(Input records begins)

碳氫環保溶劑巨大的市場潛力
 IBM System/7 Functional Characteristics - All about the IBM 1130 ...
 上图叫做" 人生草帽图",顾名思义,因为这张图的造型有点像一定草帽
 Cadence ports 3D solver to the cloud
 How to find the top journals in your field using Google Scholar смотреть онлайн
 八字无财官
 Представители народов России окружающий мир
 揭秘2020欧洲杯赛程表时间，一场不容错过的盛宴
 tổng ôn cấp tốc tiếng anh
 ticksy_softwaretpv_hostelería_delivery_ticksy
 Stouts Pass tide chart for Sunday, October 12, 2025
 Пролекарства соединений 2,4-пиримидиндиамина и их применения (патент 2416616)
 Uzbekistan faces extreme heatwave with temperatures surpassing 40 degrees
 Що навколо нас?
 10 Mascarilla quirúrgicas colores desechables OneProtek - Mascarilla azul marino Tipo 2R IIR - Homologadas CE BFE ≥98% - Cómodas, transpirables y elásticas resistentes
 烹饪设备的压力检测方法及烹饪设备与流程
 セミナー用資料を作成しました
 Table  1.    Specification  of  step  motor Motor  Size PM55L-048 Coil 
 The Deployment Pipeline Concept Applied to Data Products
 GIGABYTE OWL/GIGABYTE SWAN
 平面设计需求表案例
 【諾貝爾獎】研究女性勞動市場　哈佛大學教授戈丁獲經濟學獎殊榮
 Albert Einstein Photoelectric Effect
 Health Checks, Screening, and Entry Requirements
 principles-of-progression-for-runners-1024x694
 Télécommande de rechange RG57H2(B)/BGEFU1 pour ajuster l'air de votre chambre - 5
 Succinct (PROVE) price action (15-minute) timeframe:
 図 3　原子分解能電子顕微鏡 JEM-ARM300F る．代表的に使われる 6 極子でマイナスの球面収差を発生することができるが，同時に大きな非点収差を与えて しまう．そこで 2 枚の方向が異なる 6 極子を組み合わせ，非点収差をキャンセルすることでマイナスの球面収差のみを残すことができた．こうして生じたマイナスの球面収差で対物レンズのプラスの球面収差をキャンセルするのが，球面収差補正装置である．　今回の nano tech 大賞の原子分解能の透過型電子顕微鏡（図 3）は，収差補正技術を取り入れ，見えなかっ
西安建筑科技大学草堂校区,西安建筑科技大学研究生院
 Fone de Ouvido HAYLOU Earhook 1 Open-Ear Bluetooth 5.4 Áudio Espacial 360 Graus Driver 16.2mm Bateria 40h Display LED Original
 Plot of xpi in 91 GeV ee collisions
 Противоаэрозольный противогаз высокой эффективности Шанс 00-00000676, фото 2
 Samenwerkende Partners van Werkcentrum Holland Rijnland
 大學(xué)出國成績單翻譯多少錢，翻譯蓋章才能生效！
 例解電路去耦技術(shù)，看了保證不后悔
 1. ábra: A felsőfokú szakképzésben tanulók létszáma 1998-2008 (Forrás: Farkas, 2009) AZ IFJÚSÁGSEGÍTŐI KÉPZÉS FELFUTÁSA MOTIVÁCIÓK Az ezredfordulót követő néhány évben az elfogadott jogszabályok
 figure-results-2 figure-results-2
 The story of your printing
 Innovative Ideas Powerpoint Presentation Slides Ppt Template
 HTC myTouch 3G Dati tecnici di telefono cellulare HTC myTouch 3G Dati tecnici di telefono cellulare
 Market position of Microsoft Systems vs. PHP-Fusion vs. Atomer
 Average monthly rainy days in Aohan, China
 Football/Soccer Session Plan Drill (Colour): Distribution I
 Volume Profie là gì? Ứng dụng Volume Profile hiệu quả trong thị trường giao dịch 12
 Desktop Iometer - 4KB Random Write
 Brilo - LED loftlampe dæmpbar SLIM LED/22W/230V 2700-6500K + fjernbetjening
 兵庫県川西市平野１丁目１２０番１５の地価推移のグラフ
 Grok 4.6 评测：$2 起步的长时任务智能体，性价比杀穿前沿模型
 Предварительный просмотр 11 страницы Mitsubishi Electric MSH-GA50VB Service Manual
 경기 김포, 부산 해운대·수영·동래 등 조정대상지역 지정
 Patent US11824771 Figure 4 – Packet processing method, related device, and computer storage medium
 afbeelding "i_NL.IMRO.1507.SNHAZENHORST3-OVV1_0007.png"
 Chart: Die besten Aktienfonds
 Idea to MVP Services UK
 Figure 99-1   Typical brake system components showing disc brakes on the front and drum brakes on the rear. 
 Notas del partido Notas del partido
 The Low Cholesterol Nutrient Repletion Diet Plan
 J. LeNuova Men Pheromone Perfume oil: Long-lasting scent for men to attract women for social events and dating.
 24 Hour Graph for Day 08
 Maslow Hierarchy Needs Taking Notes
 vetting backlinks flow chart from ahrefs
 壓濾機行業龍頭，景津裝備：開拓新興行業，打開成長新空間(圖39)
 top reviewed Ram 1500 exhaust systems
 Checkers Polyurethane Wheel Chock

(Input records ends)

What is expected: Within the data above, the span starting at the line containing "揭秘2020欧洲杯赛程表时间，一场不容错过的盛宴" and ending at the line containing "Succinct (PROVE) price" is to be retyped exactly, with no other lines.

Solution below:
 揭秘2020欧洲杯赛程表时间，一场不容错过的盛宴
 tổng ôn cấp tốc tiếng anh
 ticksy_softwaretpv_hostelería_delivery_ticksy
 Stouts Pass tide chart for Sunday, October 12, 2025
 Пролекарства соединений 2,4-пиримидиндиамина и их применения (патент 2416616)
 Uzbekistan faces extreme heatwave with temperatures surpassing 40 degrees
 Що навколо нас?
 10 Mascarilla quirúrgicas colores desechables OneProtek - Mascarilla azul marino Tipo 2R IIR - Homologadas CE BFE ≥98% - Cómodas, transpirables y elásticas resistentes
 烹饪设备的压力检测方法及烹饪设备与流程
 セミナー用資料を作成しました
 Table  1.    Specification  of  step  motor Motor  Size PM55L-048 Coil 
 The Deployment Pipeline Concept Applied to Data Products
 GIGABYTE OWL/GIGABYTE SWAN
 平面设计需求表案例
 【諾貝爾獎】研究女性勞動市場　哈佛大學教授戈丁獲經濟學獎殊榮
 Albert Einstein Photoelectric Effect
 Health Checks, Screening, and Entry Requirements
 principles-of-progression-for-runners-1024x694
 Télécommande de rechange RG57H2(B)/BGEFU1 pour ajuster l'air de votre chambre - 5
 Succinct (PROVE) price action (15-minute) timeframe:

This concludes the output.